Ladies and gentlemen,
It is an honour for me to be invited to open this important exhibition of Emil Nolde’s works.
Culture is international; culture is a part of a modern foreign policy, directly or indirectly. The arts build bridges between states, nations and people, at different levels, between different times, between consciousness and the subconscious. The arts provide places to meet, learn, discuss – and to experience things that are even more important than foreign policy.
The arts tell stories, our stories, other nations’ stories of themselves – and of us, of where we come from. We are seen from abroad, Norway is seen from “the outside”.
This is one of the reasons why my Government is now preparing a white paper to the Storting (Norwegian parliament) on culture in foreign policy. We have invited the cultural community to contribute to this work by providing ideas and input, in a joint inspiring effort. And I invite those of you here tonight to contribute your ideas and comments.
In my previous capacity as Minister of Defence, I had responsibility for presenting a white paper on the relations between defence and culture, well aware of the fact that I had responsibility for several museums, orchestras and historic buildings and sites.
In culture there is not always a need for spoken language. People can communicate through a shared cultural language, at a deeper level.
This is what we are doing tonight. Thanks to the organisers of this exhibition, we have the chance to learn more about the life and work of one of Europe’s greatest painters – Emil Nolde.
The opening speakers have emphasised Nolde’s strong links to the Nordic region, including Norway. Emil Nolde is not alone in having these links. For centuries, Germany has occupied a central place in the cultural sphere from which the Scandinavian countries draw ideas and inspiration. And Germany still holds this place.
Our countries and artists have also influenced each other. And this influence has been mutually beneficial – in music, visual arts, literature, design and cinema.

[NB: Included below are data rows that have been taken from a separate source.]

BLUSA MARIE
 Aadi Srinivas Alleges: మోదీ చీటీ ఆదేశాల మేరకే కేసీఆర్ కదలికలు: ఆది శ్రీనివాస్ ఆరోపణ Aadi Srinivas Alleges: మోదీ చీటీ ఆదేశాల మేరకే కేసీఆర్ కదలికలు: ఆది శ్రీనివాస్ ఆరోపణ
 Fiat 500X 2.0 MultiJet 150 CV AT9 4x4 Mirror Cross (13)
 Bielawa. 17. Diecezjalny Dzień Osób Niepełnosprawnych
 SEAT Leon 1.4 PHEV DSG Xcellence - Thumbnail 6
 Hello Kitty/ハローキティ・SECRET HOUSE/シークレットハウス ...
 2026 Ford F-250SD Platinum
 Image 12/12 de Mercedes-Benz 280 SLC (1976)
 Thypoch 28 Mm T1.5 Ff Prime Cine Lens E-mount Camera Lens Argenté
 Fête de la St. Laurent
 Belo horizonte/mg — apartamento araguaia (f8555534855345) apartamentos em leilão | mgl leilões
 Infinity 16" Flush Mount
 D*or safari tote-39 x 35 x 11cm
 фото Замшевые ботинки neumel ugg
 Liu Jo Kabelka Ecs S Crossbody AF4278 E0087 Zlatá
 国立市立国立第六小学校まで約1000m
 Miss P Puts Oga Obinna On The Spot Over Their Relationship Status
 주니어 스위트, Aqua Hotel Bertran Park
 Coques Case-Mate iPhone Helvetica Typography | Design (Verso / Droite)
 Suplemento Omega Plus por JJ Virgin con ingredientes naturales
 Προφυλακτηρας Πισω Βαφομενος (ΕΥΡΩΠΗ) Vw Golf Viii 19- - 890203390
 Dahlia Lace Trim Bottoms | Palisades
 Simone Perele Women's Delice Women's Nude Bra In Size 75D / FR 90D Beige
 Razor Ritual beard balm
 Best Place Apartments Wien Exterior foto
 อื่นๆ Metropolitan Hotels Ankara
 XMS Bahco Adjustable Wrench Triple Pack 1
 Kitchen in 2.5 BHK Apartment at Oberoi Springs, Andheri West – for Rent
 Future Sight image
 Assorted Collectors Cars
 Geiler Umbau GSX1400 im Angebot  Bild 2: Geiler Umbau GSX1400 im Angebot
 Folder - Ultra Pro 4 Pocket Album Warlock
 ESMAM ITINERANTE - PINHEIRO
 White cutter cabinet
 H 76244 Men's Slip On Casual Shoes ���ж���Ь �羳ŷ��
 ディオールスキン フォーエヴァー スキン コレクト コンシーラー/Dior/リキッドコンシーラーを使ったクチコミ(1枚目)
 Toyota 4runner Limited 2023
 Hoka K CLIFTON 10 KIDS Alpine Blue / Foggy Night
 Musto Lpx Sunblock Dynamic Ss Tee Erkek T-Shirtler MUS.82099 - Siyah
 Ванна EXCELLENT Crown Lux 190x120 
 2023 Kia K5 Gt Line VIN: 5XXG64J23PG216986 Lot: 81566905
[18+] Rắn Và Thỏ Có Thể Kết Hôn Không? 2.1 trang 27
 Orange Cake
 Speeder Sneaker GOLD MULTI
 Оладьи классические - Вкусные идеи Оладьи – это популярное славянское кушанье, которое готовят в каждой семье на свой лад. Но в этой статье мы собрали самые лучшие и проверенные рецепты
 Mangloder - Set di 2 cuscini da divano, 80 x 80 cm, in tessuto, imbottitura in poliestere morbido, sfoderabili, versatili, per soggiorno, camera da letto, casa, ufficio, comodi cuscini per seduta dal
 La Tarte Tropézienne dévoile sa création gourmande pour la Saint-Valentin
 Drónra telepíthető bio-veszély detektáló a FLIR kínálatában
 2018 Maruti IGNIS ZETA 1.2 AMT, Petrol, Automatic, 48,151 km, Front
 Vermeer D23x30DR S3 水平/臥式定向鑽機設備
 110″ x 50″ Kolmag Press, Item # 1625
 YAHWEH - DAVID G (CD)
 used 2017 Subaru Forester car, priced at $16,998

In the 19th Century, most of Norway’s artists of any repute were trained in Germany. Several artists also settled in Germany to work, learn, be inspired, and see Norway from a distance. Art capitals such as Düsseldorf, Dresden, Berlin and Munich were magnets for aspiring artists from all over the Nordic region during different periods.
As we’ve just heard, Edvard Munch is one of the many Norwegian artists who learned, lived and worked in Germany. Munch had his breakthrough at the beginning of the 1890s as one of the most advanced avant garde artists in Europe. This was in large part due to the exhibitions of his work in Berlin and other German cities. And to all the publicity and networks they gave him.
It was also through these exhibitions that Nolde became familiar with Munch’s works, at quite an early stage. The admiration between Nolde and Munch was mutual. Munch also greatly admired the works of Nolde and the other German expressionists. Later on, this German movement was a major source of inspiration for a new generation of Norwegian modernist artists.
Today, Nolde and Munch are considered two of the icons of twentieth century expressionism.
One important characteristic of Germany today is its remarkable openness and receptiveness to international culture, situated in the heart of Europe.
Norway benefits a great deal from this. Germany is one of the most important venues for all forms of Norwegian art and culture today. For Norway’s artists, Germany provides inspiration, challenges and opportunities. Germany often serves as a springboard for entering the international scene.
Exhibitions like this remind us therefore of the crucial role German art and culture have played in the intellectual and artistic development of Norway. And they still do.
This exhibition on the works of Nolde is well timed. It sets the stage for next year’s celebration of the 150th anniversary of Munch’s birth.
To conclude, I would like to thank the Stiftung Seebüll Ada und Emil Nolde for lending the paintings, Wintershall Holding GmbH for sponsoring the exhibition and the National Museum and curator Øystein Ustvedt for preparing and hosting this unique opportunity to immerse ourselves in Emil Nolde’s work.
With these words, I am delighted to declare the exhibition “Emil Nolde. In Search of the Authentic” open.